The 6-3, 245-pound Jefferson was no slouch himself last season, throwing for 2,676 yards and 21 touchdowns (vs. only four picks) and running for 664 yards and six scores. In a “fastest gun in the west” context, facing the Heisman Trophy winner is a huge opportunity for Jefferson to make a national statement.
▪ Nov. 5: Tennessee’s Hendon Hooker vs. Georgia’s Stetson Bennett IV.
Volunteers Coach Josh Heupel inexplicably began last season with Michigan transfer Joe Milton starting ahead of the more-accomplished Hooker, Virginia Tech’s starting QB in its 37-30 loss to Kentucky in the 2019 Belk Bowl. Once torn ligaments in his ankle sidelined Milton following two starts, the 6-4, 218-pound Hooker took command of Heupel’s up-tempo offense and put up massive numbers — 68 percent completions, 31 TDs. vs. only three picks.
Against Bennett and the defending champions, Hooker gets a chance to lead UT to the kind of nationally-resonant victory it has not recorded in eons.
▪ Nov. 26: LSU’s Jayden Daniels or Garrett Nussmeier vs. Texas A&M’s Max Johnson.
As LSU’s starter last year, the 6-5, 219-pound Johnson was productive (2,815 passing yards, 27/6 ratio of touchdowns to interceptions) but not especially accurate (60.3 percent completions).
To beat his old school, Johnson will either have to outplay his former backup, the 6-2, 172-pound Nussmeier (329 passing yards in four games in 2021); or Arizona State transfer Daniels, a 6-3, 185-pound senior who ran for 710 yards and six touchdowns last season for ASU but also threw as many interceptions as touchdowns (10 each).
Coaching hot seat
With 10 of the 14 SEC head men having been at their current jobs for three years or less, there does not appear to be much heat under coaching seats in the league in 2022.
With one exception.
Unless the head man at Auburn is coming off a national championship season, he should likely always be considered to have a rather tenuous hold on his job at a school where coaching intrigue always seems to be churning.
Though set to begin only his second season at Auburn, Bryan Harsin is already feeling the heat.
In his first year leading the Tigers, Harsin directed Auburn (6-7) to its first losing season since 2012.
A potential season-altering upset of archrival Alabama got away when the Tigers surrendered a last-gasp, 98-yard, game-tying TD drive to the Tide that led to a four-overtime loss.
Then came an offseason filled with turmoil, marked by player and coaching defections that led to the university retaining a Birmingham law firm to investigate its football program.
Harsin managed to survive all that to return for year two at Auburn.
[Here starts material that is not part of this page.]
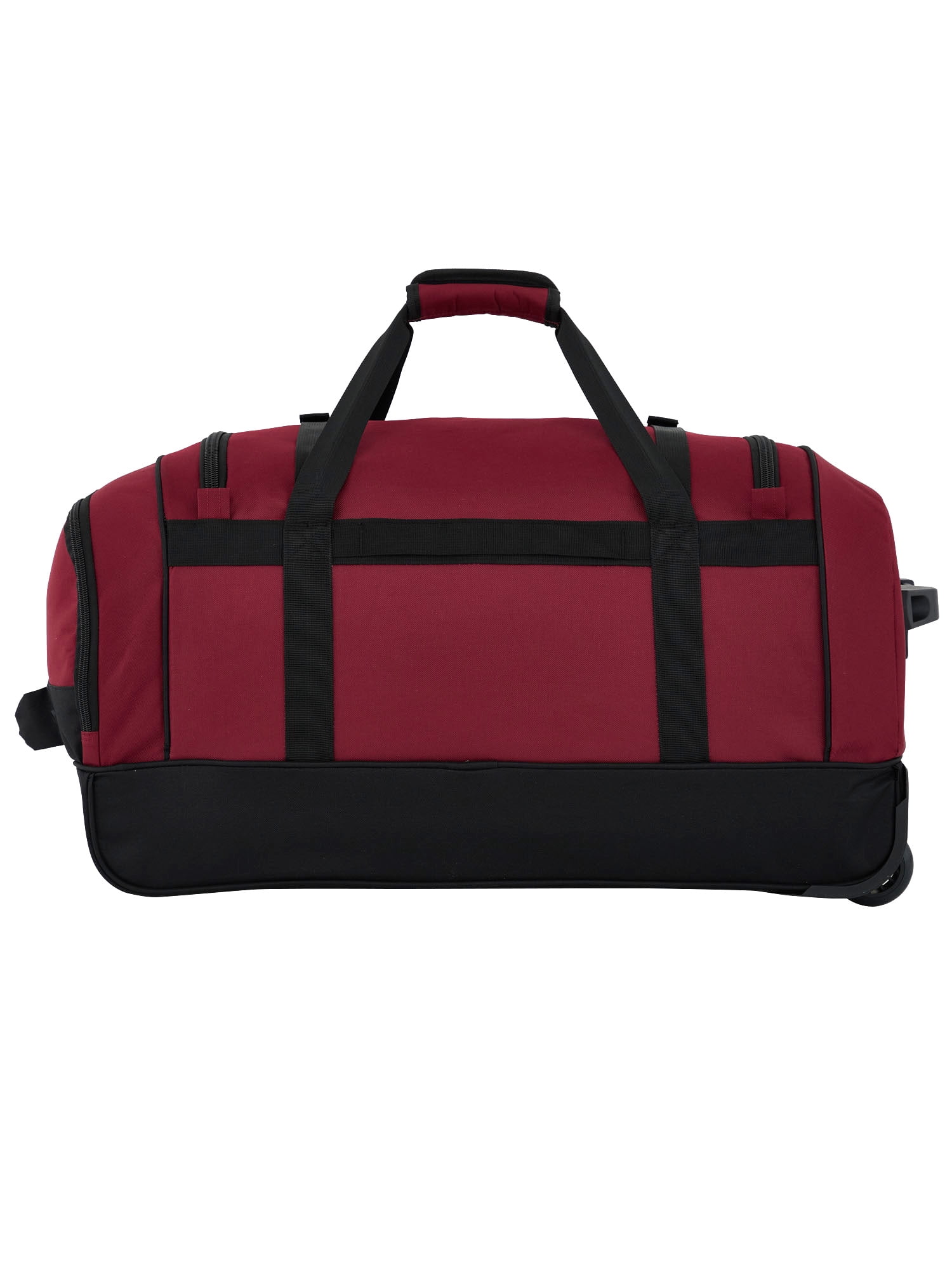 Protege Everyday Journey 25 in. Medium Rolling Duffel, Red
But such a contentious offseason would not seem a great setup for the kind of “bounce-back” season the coach needs.
Unlucky four
As the Southeastern Conference is currently structured for football, there are two, seven-team divisions. The way league scheduling is presently conducted, each team plays all the others in their division; plays one permanent opponent from the opposite division every year; and then one rotating foe from the other division.
What that means every year is that there are four teams that have to play both league titans Alabama and Georgia. This year’s unlucky four include:
From the SEC West:
▪ Auburn plays the power duo every year, with the Bulldogs being the Tigers’ permanent inter-division foe from the SEC East.
▪ Mississippi State this year draws Georgia as its rotating opponent from the East.
From the SEC East:
▪ Tennessee plays the power duo every year, with the Crimson Tide being the Volunteers’ permanent inter-division foe for the SEC West.
▪ Vanderbilt this year draws Alabama as its rotating opponent from the West.
Of the “Unlucky Four,” the most intriguing might be Mississippi State. Mike Leach’s Bulldogs are not getting much preseason love, picked sixth in the West by the assembled reporters at SEC Media Days.
Yet State returns more starters (17) than anyone in the SEC off of last season’s 7-6 team.
Predictions
▪ No one in the SEC will have anything for Georgia and Alabama.
▪ The Bulldogs will win the SEC East, the Crimson Tide will win the SEC West.
▪ Alabama will beat Georgia in the SEC championship game.
▪ Alabama will beat Ohio State in the College Football Playoff championship game.